“But our room’s the best,” finished Bud, with an air of conscious pride.
Larry was shown where the offices of the different editors were, so that he would know where to go if sent with messages to them. He was also taken to the composing room.
There he stood for a while bewildered by the noise and seeming confusion. A score of typesetting machines were at work, clicking away while the men sat at the keyboards, which were almost like those of typewriters. Larry saw where the tubes with copy in them bounced from the air pipe into a box. From that they were taken to a table by a boy, whose face was liberally covered with printer’s ink.
There a man rapidly numbered them with a blue pencil, and gave the sheets out to the compositors.
“Sometimes you have to come up here for proofs of a story,” Bud explained. “Then go over to that man there,” pointing to a tall thin individual, “and repeat whatever Mr. Emberg or whoever sends you, says. You see there are several different kinds of type in the heads of a story and each story is called according to the kind of a head it has.”
“I’m afraid I’ll never learn,” said Larry, who was beginning to feel confused.
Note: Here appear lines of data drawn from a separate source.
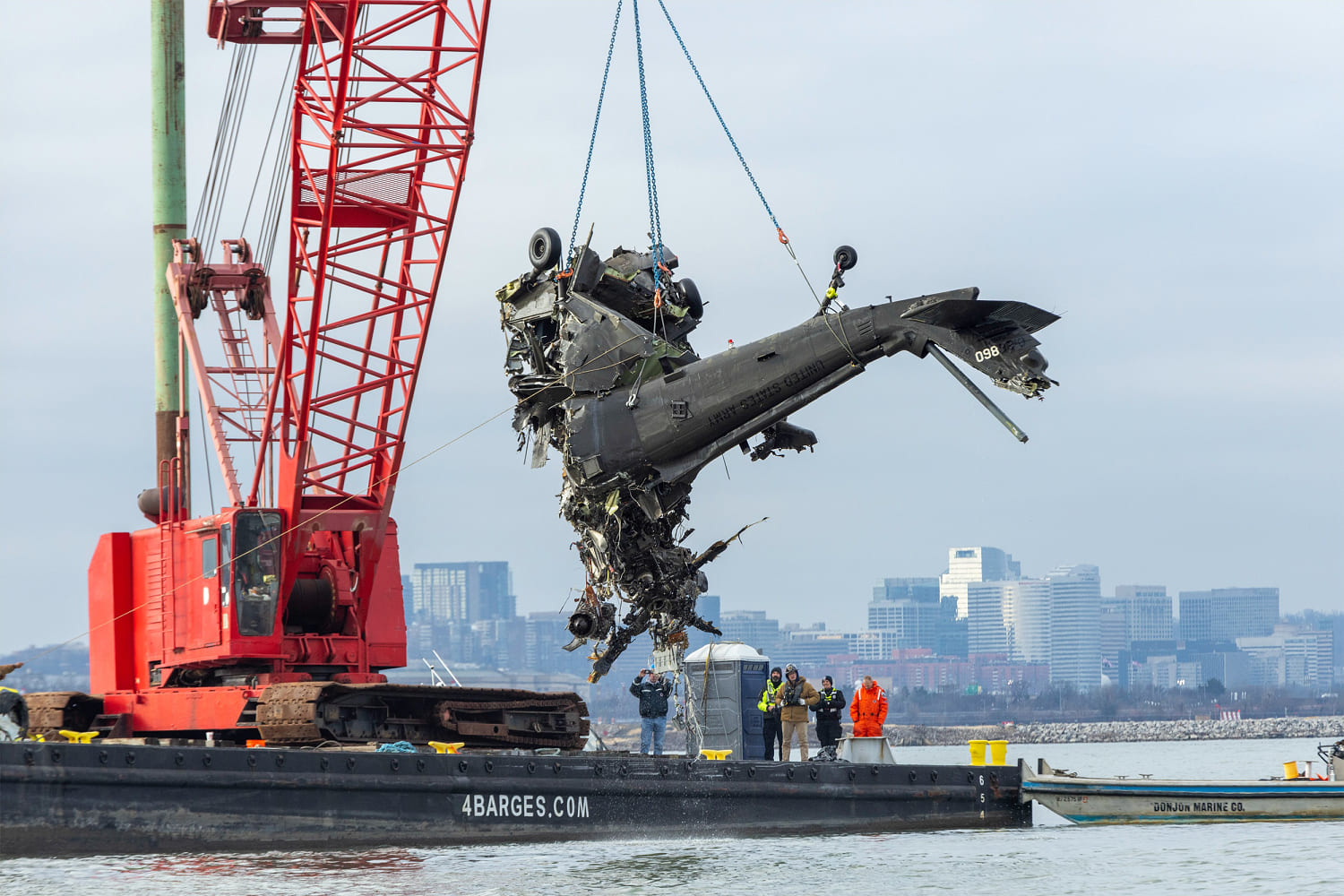 Black Hawk involved in collision that killed 67 people recovered from Potomac River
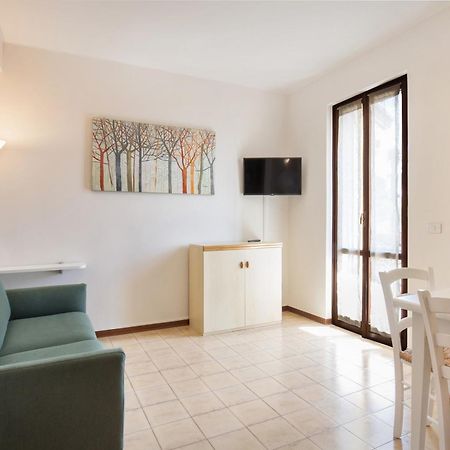 Apartment Rosa Cinderella Lazise Bagian luar foto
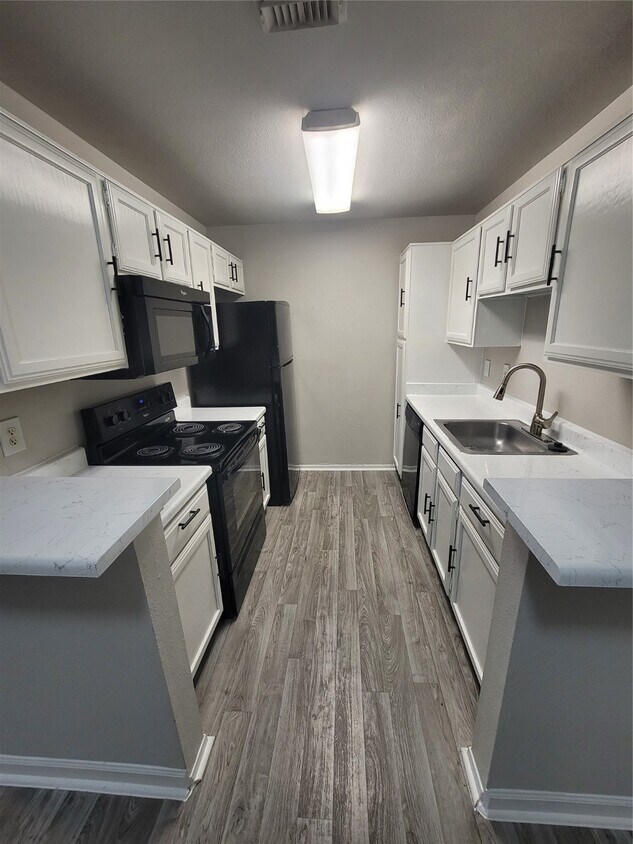 Foto principal - 7250 W Greens Rd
“Oh yes, you will. I’ll explain it all to you. You probably won’t have to go for proofs for several days. You’ll only have to carry copy.”
They stayed up in the composing room for some time, and every second Larry wondered more and more how out of so much seeming confusion any order could ever come.
Boys with long galleys, like narrow brass pans that corresponded in size to columns of the newspaper, and set full of type, were hurrying with them to a big machine where they were placed on a flat table, and a roller covered with ink passed over them. Then a boy placed a long narrow slip of paper on the inky type, passed another roller over it, and lifted off the paper.
“That’s what they calling pulling or taking a proof,” said Bud. “But come on now, we’ll go back to the city room and rush copy. I guess there’s some by this time.”